Ekonomi Bakanı Zeybekci, yazılı bir açıklama yaparak enflasyon rakamlarını değerlendirdi. Bakan Zeybekci, Türkiye’deki enflasyonun sadece talep kaynaklı bir yapıda olmadığını belirterek, talebin anlık hareketlerinin stok yapamayan üretim ve toptan dağıtım yapan firmalar tarafından karşılanmamasının finansman kaynaklı maliyet enflasyonunu yarattığını kaydetti. Zeybekci, “Yüksek piyasa faizine muhatap olan üretim ve dağıtım işletmelerinin en doğal refleksi olan yatırım ve istihdam yapmama, üretmeme, stok yapmamasının otomatik sonucu olarak ortaya çıkan ekstra maliyetin doğrudan maliyet enflasyonu doğurduğunu her fırsatta dile getirmiş, dikkat çekmiştik. Bu maliyet enflasyonunda yüksek reel faizin birebir etkisi olduğunu şimdi de ısrarla tekrar ediyoruz. Türkiye olarak bir an önce üretim ve dağıtım dünyasındaki şirketlerimizin katlanabileceği bir finansman maliyetine ulaşabilmelerini sağlayarak, üretenlerin yeterli hammadde ve ara mal üretmesini, toptan ve perakende sektörünün ise mamul ürün stoku yapabilmesini sağlayacak makul faiz oranlarını sağlamamız gerekiyor. Makul stok miktarı demek, talep hareketleri kaynaklı fiyat artışlarının enflasyona katkısını minimize etmenin yanında stoksuzluktan kaynaklı maliyet enflasyonunun da önüne geçecektir” dedi.
Talep enflasyonu söz konusu olduğunda üretilen malın ve hizmetlerin tüketici talebini karşılayamadığını aktaran Bakan Zeybekci, “Bunun sonucu olan aşırı talep sebebiyle fiyatlar artmaktadır. Maliyet enflasyonu söz konusu olduğunda ise, herhangi bir nedenle üretimde kullanılan kaynakların fiyat artışları üretim maliyetlerinin yükselmesine, maliyetlerin artmasına ve nihai olarak ürün fiyatlarında artışa neden olmaktadır.
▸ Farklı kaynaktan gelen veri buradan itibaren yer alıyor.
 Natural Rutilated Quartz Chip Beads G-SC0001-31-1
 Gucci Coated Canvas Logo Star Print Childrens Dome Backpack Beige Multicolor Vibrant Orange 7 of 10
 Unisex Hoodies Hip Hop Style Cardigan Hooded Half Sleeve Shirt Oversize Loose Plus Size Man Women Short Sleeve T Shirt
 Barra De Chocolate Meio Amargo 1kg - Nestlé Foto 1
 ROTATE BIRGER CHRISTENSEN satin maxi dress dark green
Tabii bu maliyet enflasyonu, genellikle stok yapılmayan veya ithalata dayalı hammadde ve ara mal taleplerin karşılanmasında piyasanın anlık dayatmalarına razı olmaktan kaynaklanan normal pazar fiyatı üstü maliyetin satış ve üretim fiyatlarına yansımasıdır” ifadelerini kullandı.
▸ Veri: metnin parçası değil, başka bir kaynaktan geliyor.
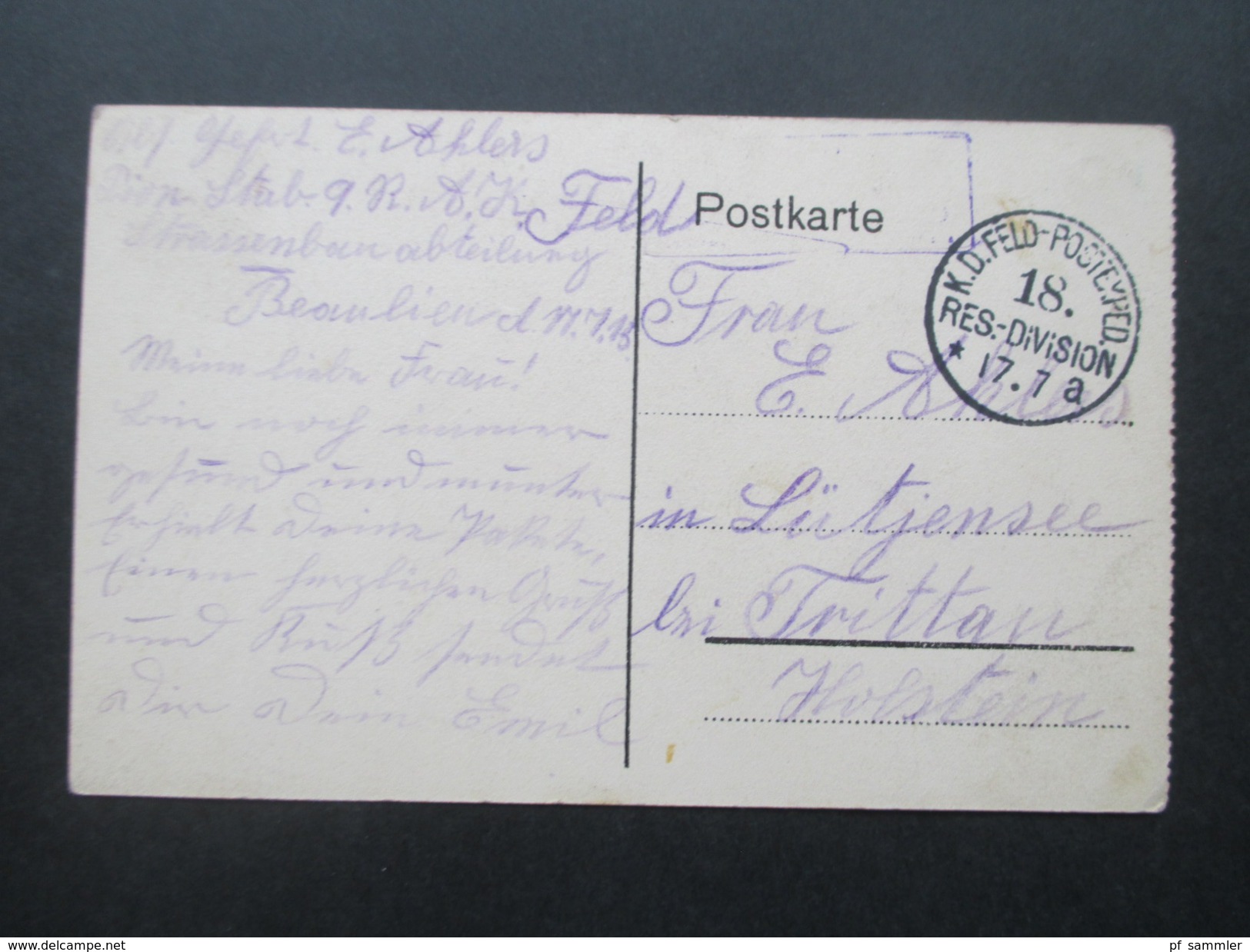 AK Feldpost 1. WK Frankreich 1915 Noyon (Oise) Stadthaus. Pionier Stab Strassenbauabteilung - Noyon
Türkiye’de siyasi ve ekonomik istikrarın tatmin edici seviyelerde olmasından dolayı piyasaların finansman maliyetinin şu andaki faiz oranlarının daha altında oluştuğunu ifade eden Zeybekci, şunları dedi:
“Bu sebepten dolayı piyasalar şu andaki faiz oranlarıyla üretim, stok, yatırım ve tüketim yapmıyor. Piyasaların finansman maliyeti yani faiz oranlarının beklentiler seviyesine çekilmesi normalleşme için mutlak bir gerekliliktir. Yüksek çıkan Temmuz ayı enflasyonun sebebini limon veya bibere hatta hizmet sektörüne bağlamak yapısal sebebi ıskalamak olur.”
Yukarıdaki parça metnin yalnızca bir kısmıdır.